4

I was wondering if it is possible to search among content of documents

  • possibly of various types: pdf, djvu, html, text file, programming code script, ...
  • possibly under various directories under each the documents are mixed together and possibly with other nondocument files?

Is grep capable of doing these kinds of thing?

Thanks and regards!

Tim
  • 26,107

3 Answers3

3

I use Recoll. It's in the repositories. It also searches pdf-metadata. You can choose, which folders are indexed. It's very fast.

Install:

sudo apt-get install recoll
bdr529
  • 3,098
2

Yes. Have a look at FindingFiles in the community documentation for Ubuntu. The one I used for a while was Tracker which is able to index most document types and, due to keeping an index updated in the background, was amazingly fast when searching.

DrSAR
  • 2,132
1

You could run a command on the files returned by the find command.

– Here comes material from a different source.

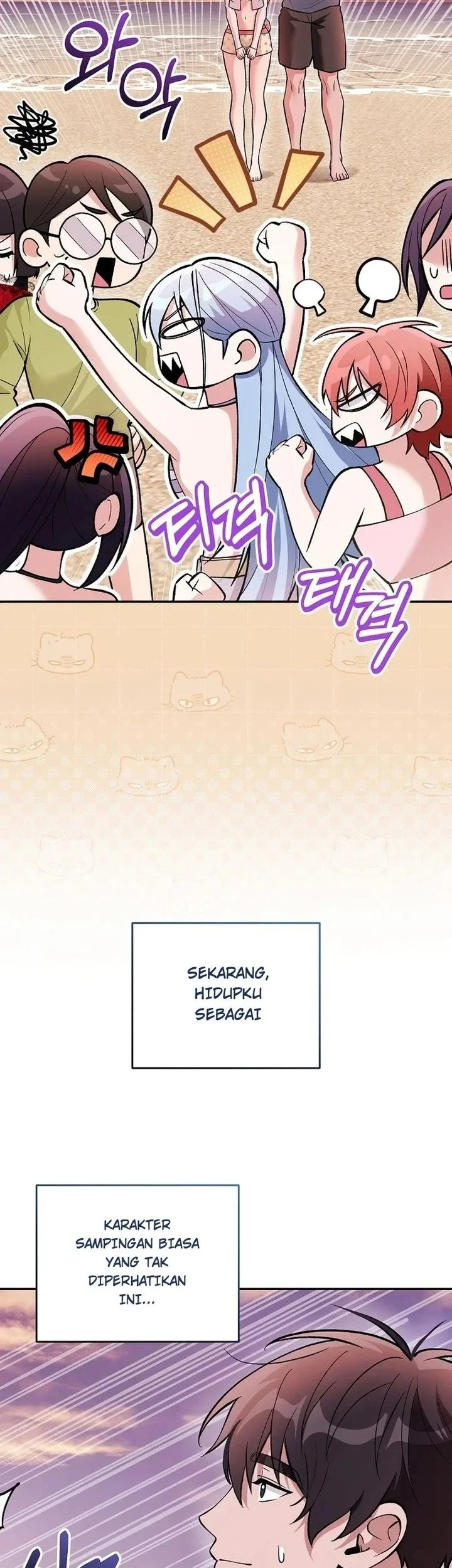I was Thrown into an Unfamiliar Manga Chapter 41 Gambar 53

For example with the following command I list all the files starting from the current directory and on each I run the grep command to search for the string 'getUri'

find . -name '*.*' -exec grep --color 'getURI' {} +

This works perfectly on my Ubuntu 12.04

Anyway, I do not think that grep command is able to search within binary documents such as PDF.
Also using the command above on a large directory tree could be very burdensome in terms of computational time.

Another aspect to consider is that you can not search for a string in a raster PDF, in suck kind of scenario a document management system as LogicalDoc could help.

user175667
  • 121
  • 3